Rosenthal finds the tenure system in the big American universities such as Harvard relatively “demoralizing,” since so few researchers actually achieve the status. Researchers leave EMBL after ten years. “Not because they're kicked out,” she explains, but because they are given a decade to work in the organization. “This means that nobody is fighting to get through the eye of the needle into a tenured position, so that whole sense of trickle-down anxiety that is rife at Harvard doesn't exist at EMBL. I don't mean to sound evangelistic, but this really is an extraordinary institution.”

She retains, however, the “deepest respect, affection and nostalgia” for research in the United States. Without the financial backing that is available there through the National Institutes of Health, European science struggles. “The funding is subject to the same sorts of ebbs and flows as the national economy of that country,” Rosenthal observes. She finds it “embarrassing” how little the Italian government puts into research, and says it would be “folly” to suggest that Europe is a better place to do science than the United States, although she adds, “But I didn't really move from America to Europe, I moved from America to the EMBL.”

Within the last few months, she has been involved in the Sixth Framework Programme. This is the European Union's funding system for research, and will distribute a total budget of €17.5 billion ($17 billion) over the next four years. Rosenthal has found the mechanism irkingly different from the US procedure. “The EU has a number of initiatives that they're trying out on the scientific community that are interesting and innovative but risky.”

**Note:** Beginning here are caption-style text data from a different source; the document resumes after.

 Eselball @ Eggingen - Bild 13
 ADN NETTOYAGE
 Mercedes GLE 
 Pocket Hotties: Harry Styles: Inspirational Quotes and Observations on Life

Unlike their NIH counterparts, EU grants are never small or individual; they cover large, integrated labs, a strategy that is intended to stimulate cooperation among the European scientific community and blur geographical boundaries. “The problem,” says Rosenthal, is that rather than announce areas of interest, “the EU decided to have the scientific community come up with suggestions as to what they should fund. They got 15,000 suggestions when they were expecting a few hundred!”

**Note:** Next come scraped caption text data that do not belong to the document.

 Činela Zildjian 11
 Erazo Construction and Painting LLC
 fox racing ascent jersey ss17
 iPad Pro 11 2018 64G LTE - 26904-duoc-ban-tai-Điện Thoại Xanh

She joined a life-sciences review team brought in to look at 100 suggestions at a time. Eventually a few ideas were selected. The problem now is that researchers are hastily trying to configure themselves into groups that can bid in the selected grant areas. “For instance, one of the priorities is cardiovascular research. Now I have to find out who I can join. I make lots of phone calls. It's who you know and word of mouth.”

It's “regrettable”, she says, that the European Union has decided to “completely ignore the good working grant system established in America.” But the “good news” comes back to that sense of community that she finds so important to her work: “I'm getting to know a lot of European colleagues. Collaboration is the name of the game here and it's not the case in America.”